Senators air concerns, potential as gas bill moves
With the 2013 legislative session about half over, the Senate Finance Committee continues to plow through Gov. Sean Parnell’s proposal for the state to partner in a large North Slope gas project.
Expectations were for the committee to finish its work and consider amendments by March 7, but that wasn’t certain as of press time March 5.
The Senate Resources Committee voted out Senate Bill 138, which gives the state administration authority to pursue the deal, on March 3, sending it to the Finance Committee.
The House Resources Committee is meanwhile still conducting its own review of the House version of the bill, HB 277, but is mainly waiting on the Senate to send its bill over before taking action.
So far no major obstacles have emerged for the bill, but members of the Finance Committee are still focused on several key issues. One is whether the project will make natural gas more available to Alaskans, and at an affordable price.
Senate Finance co-chair Sen.
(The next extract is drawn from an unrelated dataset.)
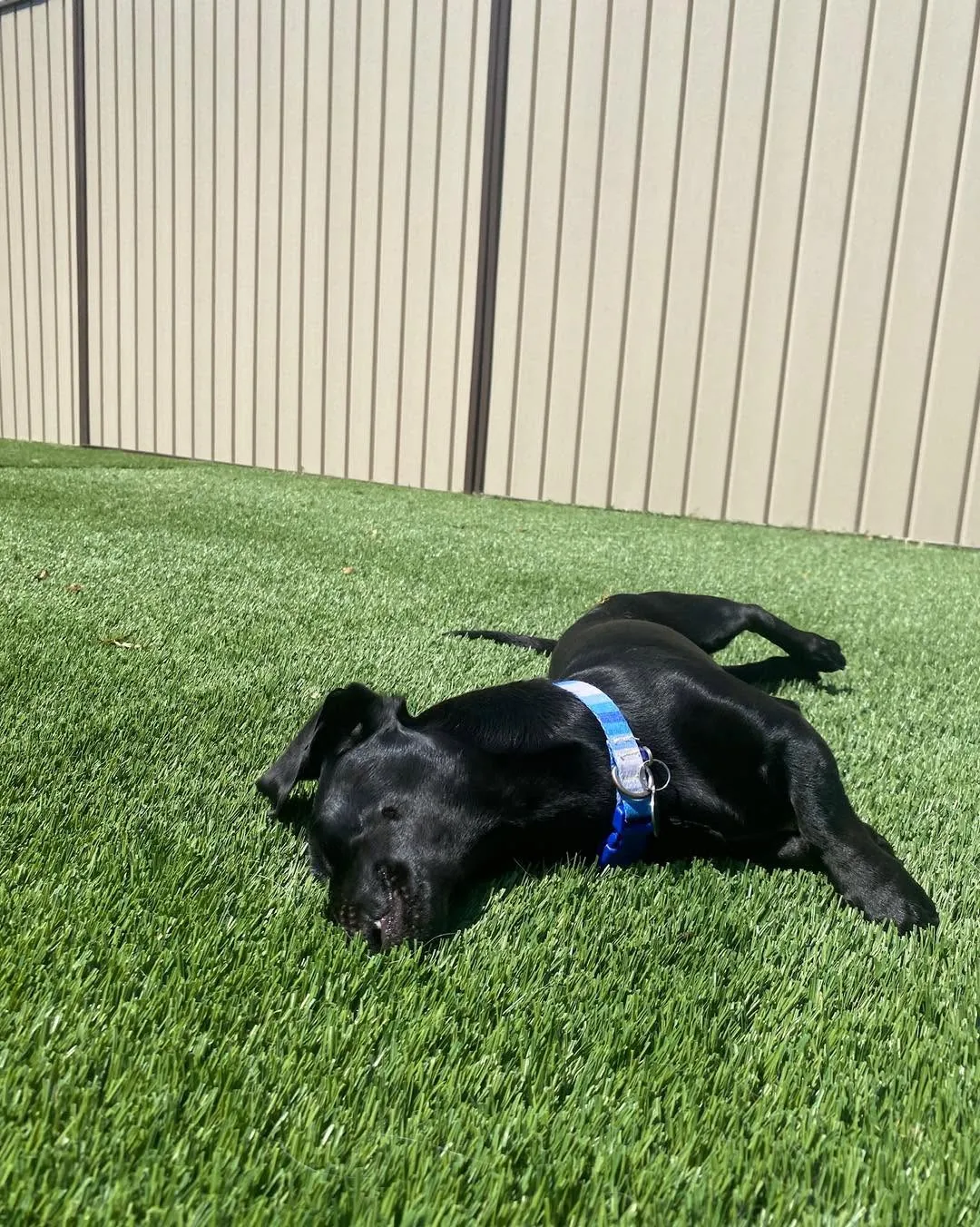 A black puppy resting peacefully on the turf.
Kevin Meyer, R-Anchorage, said his constituents are asking him whether the state’s involvement will make gas available at lower prices.
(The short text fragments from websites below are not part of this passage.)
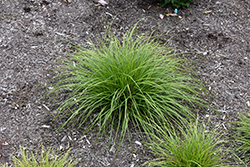 Pennsylvania Sedge (Carex pensylvanica) at Ward's Nursery & Garden Center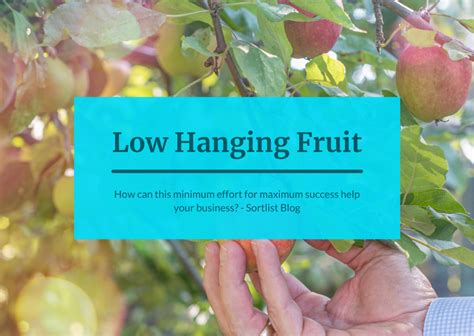 Low Hanging Fruit Minimum Effort Maximum Success For Your Business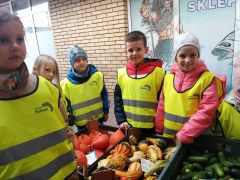 większy obrazek nr 34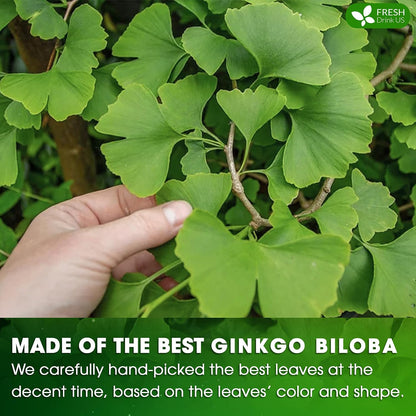 FreshDrinkUS, Premium 135 Ginkgo Biloba Leaf Tea Bags, 100% Natural & Pure from Ginkgo Biloba Leaves. Loose Leaf Herbal Tea. Made with Eco-Conscious Tea Bags. No Sugar, No Caffeine, No Gluten, Vegan.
“Do we get a discounted rate?” he asked during a meeting of the Finance Committee.
State Natural Resources Commissioner Joe Balash, who was appearing before the committee, replied that state (royalty) gas could be sold at lower prices, “but there would be a cost,” in lost revenues to the treasury, he said.
Another concern, said Sen. Anna Fairclough, R-Eagle River, is to ensure that the project will have good terms for expansion, which could greatly benefit the state if it is a part owner.
“Future expansions of the project could be very profitable for the state, and we also have to remember than for every dollar we invest the industry partners invest $4 or $5,” depending on how much of a stake the state wants, she said.
Fairclough, who is on the Finance committee and the Resources committee that reviewed the bill earlier, spoke along with other Senate leaders in a March 4 briefing.
One another issue, Fairclough said, is “there is also a nagging question of why we need the state’s Alaska Gasline Development Corp., or AGDC, to stand up a subsidiary to own the equity share in the project.”
The concern is about duplication of functions and whether the state corporation itself, which is also charged with planning a smaller state-led pipeline as a backup plan, would be more efficiently engaged in the larger project without having to form and work through a subsidiary.
Fairbanks Republican Sen. Click Bishop, who is also on the Finance and the Resources committees, said his nagging question is simply a fear of the unknown.
“This is a $45 billion to $65 billion project, and most of the experience I’ve heard on mega-projects is that they tend to run over budget. I want to make sure we’re not looking at this through rose-colored glasses. I want to make sure the state will be able to meet the cash calls,” as a partner, Bishop said.
Despite the reservations, Bishop said he supports passing the bill so the state and its proposed industry partners can get on with the “pre-FEED” (Preliminary Front-End Engineering Design) work, from which a more definitive cost estimate can be derived.
Bishop also said a big value of the deal, which is not yet widely recognized, is the possibility of “value-added” manufacturing, which having affordable gas available will make possible.
“We have to look at what we get beyond just exporting the gas,” he said.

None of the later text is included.